* _WHAT TO DO_
The listing below holds a line with "MISSHA Body Set" and a line with "Hindi Blog by". Reproduce those two lines exactly, plus everything between them.
******************************
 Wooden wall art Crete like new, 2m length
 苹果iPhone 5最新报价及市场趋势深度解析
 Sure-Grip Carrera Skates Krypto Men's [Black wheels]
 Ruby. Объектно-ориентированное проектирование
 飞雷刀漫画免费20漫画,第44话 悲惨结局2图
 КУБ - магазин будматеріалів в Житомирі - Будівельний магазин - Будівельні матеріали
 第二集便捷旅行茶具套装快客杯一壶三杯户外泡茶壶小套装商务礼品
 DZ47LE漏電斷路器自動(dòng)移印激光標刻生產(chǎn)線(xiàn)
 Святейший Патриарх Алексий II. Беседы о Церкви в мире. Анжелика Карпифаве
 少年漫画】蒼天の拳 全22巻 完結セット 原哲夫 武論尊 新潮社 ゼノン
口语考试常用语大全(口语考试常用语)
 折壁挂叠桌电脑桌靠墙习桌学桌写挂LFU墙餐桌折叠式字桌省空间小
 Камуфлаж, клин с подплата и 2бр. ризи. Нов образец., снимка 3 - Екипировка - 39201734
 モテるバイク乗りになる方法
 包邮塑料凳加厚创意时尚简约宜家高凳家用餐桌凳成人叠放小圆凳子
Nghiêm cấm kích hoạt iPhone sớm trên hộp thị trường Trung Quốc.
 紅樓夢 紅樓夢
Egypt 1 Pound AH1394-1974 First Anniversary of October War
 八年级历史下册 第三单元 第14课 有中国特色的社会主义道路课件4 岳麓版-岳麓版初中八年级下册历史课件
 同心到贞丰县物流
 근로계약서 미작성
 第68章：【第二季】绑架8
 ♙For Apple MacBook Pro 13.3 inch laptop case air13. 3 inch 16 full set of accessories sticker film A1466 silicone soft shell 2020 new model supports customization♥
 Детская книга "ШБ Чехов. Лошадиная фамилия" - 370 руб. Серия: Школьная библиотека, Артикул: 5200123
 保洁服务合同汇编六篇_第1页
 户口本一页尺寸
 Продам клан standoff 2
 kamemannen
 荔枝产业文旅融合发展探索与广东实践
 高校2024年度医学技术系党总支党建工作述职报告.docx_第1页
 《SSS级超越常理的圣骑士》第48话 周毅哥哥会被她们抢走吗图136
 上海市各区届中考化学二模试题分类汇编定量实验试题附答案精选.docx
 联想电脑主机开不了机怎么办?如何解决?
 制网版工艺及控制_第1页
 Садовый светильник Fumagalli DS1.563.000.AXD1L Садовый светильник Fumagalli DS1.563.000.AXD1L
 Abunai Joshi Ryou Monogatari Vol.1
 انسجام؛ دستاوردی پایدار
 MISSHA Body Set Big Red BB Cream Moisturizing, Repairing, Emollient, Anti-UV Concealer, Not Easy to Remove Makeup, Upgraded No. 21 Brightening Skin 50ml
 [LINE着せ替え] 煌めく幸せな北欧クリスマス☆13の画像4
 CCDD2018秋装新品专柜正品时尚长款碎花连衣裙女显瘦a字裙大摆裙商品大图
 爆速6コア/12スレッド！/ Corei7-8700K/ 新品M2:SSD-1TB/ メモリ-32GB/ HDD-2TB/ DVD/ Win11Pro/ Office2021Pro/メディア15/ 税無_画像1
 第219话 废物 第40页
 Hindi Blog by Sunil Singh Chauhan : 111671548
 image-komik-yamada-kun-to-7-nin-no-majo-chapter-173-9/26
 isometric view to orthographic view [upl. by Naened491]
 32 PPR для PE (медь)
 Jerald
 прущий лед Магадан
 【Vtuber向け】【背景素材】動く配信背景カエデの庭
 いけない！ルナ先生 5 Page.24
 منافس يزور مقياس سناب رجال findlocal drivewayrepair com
******************************
* _TASK OUTPUT_
 MISSHA Body Set Big Red BB Cream Moisturizing, Repairing, Emollient, Anti-UV Concealer, Not Easy to Remove Makeup, Upgraded No. 21 Brightening Skin 50ml
 [LINE着せ替え] 煌めく幸せな北欧クリスマス☆13の画像4
 CCDD2018秋装新品专柜正品时尚长款碎花连衣裙女显瘦a字裙大摆裙商品大图
 爆速6コア/12スレッド！/ Corei7-8700K/ 新品M2:SSD-1TB/ メモリ-32GB/ HDD-2TB/ DVD/ Win11Pro/ Office2021Pro/メディア15/ 税無_画像1
 第219话 废物 第40页
 Hindi Blog by Sunil Singh Chauhan : 111671548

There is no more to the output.